- WHAT YOU NEED TO DO -
The lines to repeat are those below from the one containing "Close-up of silver" down to the one containing "Open concept living", both included; reproduce them exactly and nothing else.

[RECORDS PROVIDED Boundary: Start]

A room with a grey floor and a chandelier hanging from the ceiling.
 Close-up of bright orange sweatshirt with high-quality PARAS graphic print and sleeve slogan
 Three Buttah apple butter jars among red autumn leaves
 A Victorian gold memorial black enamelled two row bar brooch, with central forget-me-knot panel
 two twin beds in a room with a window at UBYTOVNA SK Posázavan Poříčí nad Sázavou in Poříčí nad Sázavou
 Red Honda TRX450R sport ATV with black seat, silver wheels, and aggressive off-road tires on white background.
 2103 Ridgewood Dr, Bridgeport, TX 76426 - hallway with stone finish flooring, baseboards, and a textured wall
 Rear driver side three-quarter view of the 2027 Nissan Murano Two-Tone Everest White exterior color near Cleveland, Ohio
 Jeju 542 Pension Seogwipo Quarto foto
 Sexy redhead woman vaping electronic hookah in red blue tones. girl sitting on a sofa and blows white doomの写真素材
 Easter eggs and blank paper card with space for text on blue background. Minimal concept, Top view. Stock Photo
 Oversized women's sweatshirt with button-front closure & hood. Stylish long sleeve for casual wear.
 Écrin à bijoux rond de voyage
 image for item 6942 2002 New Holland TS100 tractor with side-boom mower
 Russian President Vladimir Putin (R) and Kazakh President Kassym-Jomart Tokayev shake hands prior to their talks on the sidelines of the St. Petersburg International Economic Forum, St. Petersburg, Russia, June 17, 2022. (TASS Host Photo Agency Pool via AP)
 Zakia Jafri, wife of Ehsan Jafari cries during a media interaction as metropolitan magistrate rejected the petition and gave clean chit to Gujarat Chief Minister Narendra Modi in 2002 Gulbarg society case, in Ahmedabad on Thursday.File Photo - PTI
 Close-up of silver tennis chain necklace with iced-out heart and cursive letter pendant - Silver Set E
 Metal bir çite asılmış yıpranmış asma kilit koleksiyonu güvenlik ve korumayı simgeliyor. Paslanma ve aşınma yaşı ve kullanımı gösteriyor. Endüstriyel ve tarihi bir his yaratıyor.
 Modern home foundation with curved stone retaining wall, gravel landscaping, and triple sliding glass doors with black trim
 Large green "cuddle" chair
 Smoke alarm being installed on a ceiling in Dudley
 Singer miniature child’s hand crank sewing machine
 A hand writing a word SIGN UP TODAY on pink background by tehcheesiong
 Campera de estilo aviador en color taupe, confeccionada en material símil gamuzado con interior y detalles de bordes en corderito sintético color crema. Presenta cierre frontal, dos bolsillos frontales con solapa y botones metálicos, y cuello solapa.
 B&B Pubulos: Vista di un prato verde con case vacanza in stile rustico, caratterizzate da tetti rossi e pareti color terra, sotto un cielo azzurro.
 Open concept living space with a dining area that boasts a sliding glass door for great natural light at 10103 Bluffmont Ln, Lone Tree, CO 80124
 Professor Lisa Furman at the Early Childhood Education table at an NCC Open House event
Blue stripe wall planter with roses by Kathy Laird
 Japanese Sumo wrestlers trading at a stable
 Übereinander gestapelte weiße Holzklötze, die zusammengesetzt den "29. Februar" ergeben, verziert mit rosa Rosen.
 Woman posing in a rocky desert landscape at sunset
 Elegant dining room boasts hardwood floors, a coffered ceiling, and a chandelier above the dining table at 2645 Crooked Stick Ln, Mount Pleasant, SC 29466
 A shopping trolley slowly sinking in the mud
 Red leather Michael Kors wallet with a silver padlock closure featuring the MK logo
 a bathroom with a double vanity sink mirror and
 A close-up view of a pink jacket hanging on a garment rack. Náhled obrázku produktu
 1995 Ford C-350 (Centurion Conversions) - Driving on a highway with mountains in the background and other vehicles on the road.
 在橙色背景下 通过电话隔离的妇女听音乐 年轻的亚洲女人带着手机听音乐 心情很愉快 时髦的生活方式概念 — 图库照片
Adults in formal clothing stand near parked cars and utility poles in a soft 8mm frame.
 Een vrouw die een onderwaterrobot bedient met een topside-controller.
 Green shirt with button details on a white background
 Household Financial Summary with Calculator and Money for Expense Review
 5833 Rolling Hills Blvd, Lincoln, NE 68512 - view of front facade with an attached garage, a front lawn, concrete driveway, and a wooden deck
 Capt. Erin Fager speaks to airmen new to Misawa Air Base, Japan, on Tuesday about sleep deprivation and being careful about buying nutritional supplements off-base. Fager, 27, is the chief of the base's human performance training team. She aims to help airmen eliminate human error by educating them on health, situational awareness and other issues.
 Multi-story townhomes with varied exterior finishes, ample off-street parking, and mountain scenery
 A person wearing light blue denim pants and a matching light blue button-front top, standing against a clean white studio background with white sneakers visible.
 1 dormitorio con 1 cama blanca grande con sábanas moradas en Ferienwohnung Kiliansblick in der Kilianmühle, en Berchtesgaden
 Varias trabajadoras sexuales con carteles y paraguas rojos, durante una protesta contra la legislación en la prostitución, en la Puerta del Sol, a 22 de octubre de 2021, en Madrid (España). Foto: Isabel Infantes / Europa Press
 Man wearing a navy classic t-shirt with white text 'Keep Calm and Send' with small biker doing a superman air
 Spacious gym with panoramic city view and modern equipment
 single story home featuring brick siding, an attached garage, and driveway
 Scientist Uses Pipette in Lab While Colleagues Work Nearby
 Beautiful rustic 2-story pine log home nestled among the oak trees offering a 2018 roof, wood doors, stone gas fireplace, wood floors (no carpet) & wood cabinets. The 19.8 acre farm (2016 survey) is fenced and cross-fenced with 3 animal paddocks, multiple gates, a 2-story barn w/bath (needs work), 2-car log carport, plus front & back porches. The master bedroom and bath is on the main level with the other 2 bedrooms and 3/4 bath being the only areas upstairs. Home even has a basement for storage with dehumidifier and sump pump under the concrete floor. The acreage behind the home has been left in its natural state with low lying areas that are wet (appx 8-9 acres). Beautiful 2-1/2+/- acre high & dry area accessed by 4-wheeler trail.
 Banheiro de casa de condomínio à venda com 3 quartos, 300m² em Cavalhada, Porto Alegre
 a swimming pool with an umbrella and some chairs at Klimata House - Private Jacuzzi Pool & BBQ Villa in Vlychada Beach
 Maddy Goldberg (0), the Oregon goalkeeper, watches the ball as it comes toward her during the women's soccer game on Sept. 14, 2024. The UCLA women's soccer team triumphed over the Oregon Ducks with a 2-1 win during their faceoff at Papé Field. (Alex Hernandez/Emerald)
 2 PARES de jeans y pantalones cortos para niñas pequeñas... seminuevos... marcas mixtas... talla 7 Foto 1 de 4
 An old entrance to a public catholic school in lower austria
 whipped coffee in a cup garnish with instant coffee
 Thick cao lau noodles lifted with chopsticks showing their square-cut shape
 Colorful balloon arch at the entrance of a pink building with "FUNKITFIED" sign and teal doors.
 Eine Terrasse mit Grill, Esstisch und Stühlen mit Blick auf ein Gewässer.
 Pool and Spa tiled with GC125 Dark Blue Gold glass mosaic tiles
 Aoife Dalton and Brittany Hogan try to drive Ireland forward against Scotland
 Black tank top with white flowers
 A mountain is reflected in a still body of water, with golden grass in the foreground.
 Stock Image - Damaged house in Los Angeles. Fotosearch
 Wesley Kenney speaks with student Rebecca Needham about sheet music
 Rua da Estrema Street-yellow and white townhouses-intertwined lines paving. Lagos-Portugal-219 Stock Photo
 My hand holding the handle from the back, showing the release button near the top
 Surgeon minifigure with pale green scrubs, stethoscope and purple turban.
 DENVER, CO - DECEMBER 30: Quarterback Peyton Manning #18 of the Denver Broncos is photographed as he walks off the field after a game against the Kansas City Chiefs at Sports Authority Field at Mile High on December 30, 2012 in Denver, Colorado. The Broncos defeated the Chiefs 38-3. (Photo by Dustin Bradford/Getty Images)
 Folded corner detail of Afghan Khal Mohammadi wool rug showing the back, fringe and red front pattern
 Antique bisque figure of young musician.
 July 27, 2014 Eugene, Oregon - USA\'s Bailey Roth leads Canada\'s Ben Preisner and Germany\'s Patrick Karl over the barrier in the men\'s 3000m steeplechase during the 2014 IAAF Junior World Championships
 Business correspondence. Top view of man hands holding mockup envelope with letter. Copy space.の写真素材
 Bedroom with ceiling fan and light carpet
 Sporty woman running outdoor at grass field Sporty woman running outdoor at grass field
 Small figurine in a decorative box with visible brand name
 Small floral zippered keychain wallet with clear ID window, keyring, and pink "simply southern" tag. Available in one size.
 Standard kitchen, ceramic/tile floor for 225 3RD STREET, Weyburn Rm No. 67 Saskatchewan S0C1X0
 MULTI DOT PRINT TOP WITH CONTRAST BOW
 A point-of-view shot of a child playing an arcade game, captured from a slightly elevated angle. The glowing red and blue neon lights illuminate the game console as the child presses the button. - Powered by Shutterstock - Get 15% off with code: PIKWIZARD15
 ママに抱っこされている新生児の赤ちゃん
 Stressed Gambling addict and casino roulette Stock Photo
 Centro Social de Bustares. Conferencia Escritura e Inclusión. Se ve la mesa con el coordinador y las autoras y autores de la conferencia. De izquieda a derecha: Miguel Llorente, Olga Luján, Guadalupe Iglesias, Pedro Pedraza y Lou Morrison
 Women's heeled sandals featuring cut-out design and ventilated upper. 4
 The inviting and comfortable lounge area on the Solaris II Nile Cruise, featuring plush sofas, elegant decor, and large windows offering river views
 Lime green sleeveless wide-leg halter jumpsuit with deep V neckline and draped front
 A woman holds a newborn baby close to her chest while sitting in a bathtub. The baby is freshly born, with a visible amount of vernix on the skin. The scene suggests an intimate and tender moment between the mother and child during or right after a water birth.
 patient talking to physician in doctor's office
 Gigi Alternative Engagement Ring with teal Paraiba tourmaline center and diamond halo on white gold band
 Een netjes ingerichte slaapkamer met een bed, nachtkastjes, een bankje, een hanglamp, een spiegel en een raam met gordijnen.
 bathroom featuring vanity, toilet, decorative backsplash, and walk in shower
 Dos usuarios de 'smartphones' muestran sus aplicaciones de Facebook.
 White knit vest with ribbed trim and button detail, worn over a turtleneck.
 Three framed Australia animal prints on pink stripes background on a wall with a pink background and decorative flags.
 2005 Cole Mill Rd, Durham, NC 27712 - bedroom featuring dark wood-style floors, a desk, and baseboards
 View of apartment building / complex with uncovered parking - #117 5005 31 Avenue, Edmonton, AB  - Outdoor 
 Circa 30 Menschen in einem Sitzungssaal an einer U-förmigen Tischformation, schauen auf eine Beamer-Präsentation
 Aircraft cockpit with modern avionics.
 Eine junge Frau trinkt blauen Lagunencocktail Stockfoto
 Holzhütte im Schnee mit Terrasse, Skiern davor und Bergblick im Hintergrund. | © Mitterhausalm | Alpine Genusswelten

[RECORDS PROVIDED Boundary: End]

- ANSWER -
 Close-up of silver tennis chain necklace with iced-out heart and cursive letter pendant - Silver Set E
 Metal bir çite asılmış yıpranmış asma kilit koleksiyonu güvenlik ve korumayı simgeliyor. Paslanma ve aşınma yaşı ve kullanımı gösteriyor. Endüstriyel ve tarihi bir his yaratıyor.
 Modern home foundation with curved stone retaining wall, gravel landscaping, and triple sliding glass doors with black trim
 Large green "cuddle" chair
 Smoke alarm being installed on a ceiling in Dudley
 Singer miniature child’s hand crank sewing machine
 A hand writing a word SIGN UP TODAY on pink background by tehcheesiong
 Campera de estilo aviador en color taupe, confeccionada en material símil gamuzado con interior y detalles de bordes en corderito sintético color crema. Presenta cierre frontal, dos bolsillos frontales con solapa y botones metálicos, y cuello solapa.
 B&B Pubulos: Vista di un prato verde con case vacanza in stile rustico, caratterizzate da tetti rossi e pareti color terra, sotto un cielo azzurro.
 Open concept living space with a dining area that boasts a sliding glass door for great natural light at 10103 Bluffmont Ln, Lone Tree, CO 80124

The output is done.